Return the first line of the listing below and all the lines after it through the one containing "Now let's get", exactly, without pictures.

## Data extract
^^^^^^^^^^^^^^^^

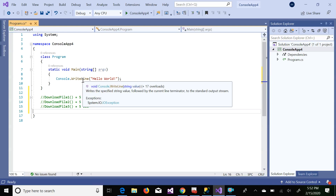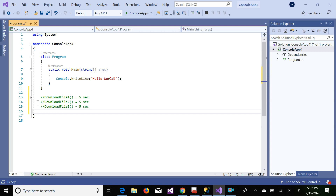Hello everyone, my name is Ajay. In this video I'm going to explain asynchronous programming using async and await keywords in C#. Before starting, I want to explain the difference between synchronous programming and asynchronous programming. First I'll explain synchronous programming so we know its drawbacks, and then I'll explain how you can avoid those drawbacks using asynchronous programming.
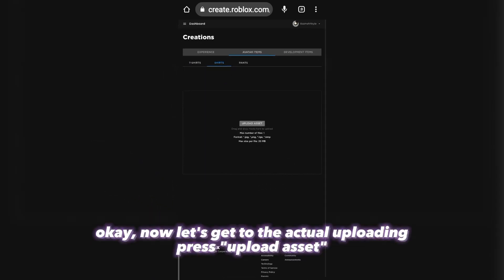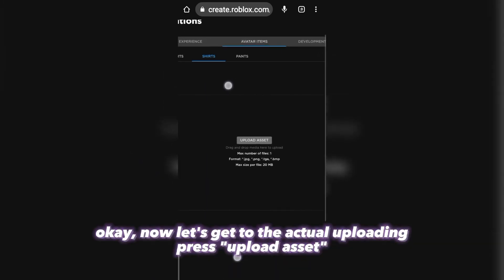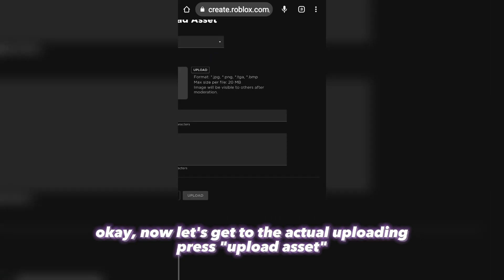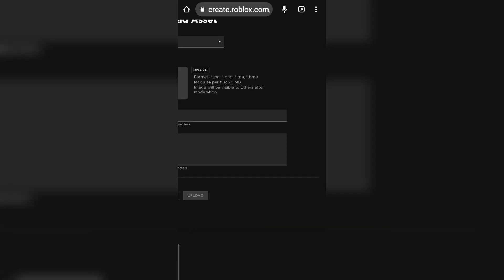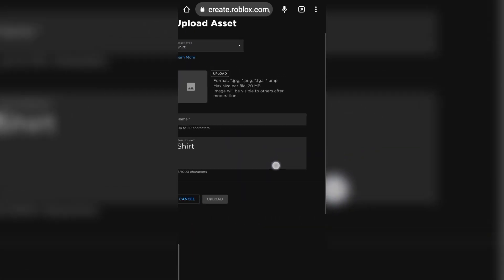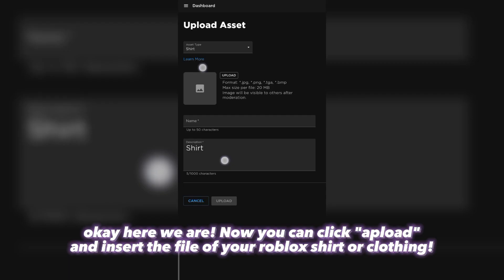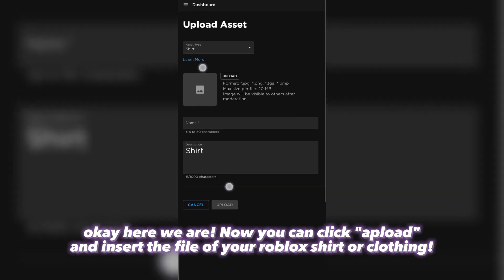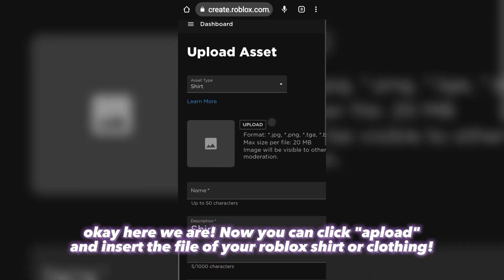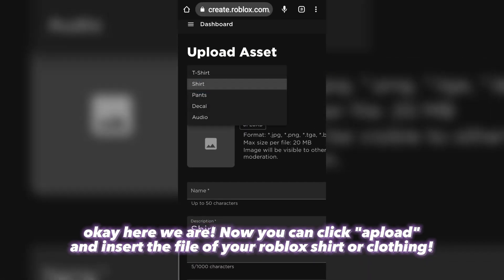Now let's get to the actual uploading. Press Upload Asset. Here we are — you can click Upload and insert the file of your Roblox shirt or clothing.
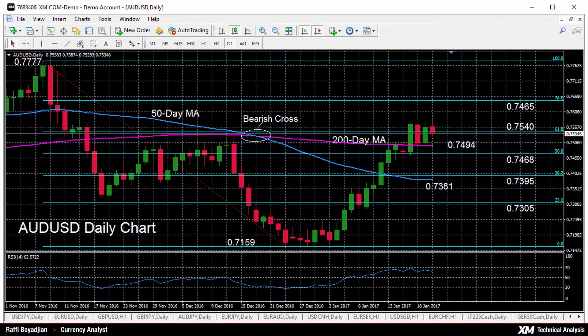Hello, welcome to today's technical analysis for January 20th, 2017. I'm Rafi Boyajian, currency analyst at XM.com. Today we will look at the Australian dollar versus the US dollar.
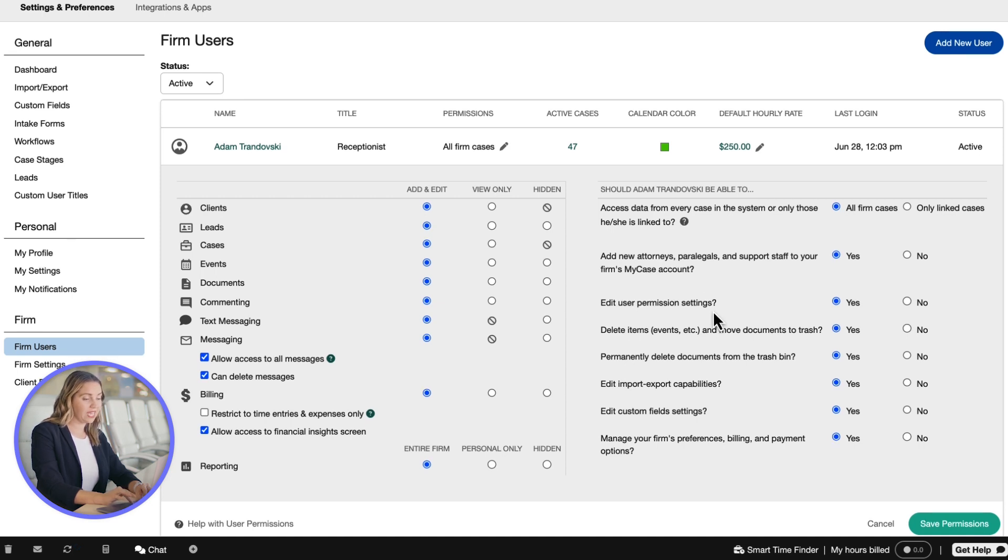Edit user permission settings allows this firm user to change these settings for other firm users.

^^^^^^^^^^^^^^^^

## Answer box
Hello everyone, my name is Ajay. In this video I'm going to explain asynchronous programming using async and await keywords in C#. Before starting, I want to explain the difference between synchronous programming and asynchronous programming. First I'll explain synchronous programming so we know its drawbacks, and then I'll explain how you can avoid those drawbacks using asynchronous programming.
Now let's get to the actual uploading. Press Upload Asset. Here we are — you can click Upload and insert the file of your Roblox shirt or clothing.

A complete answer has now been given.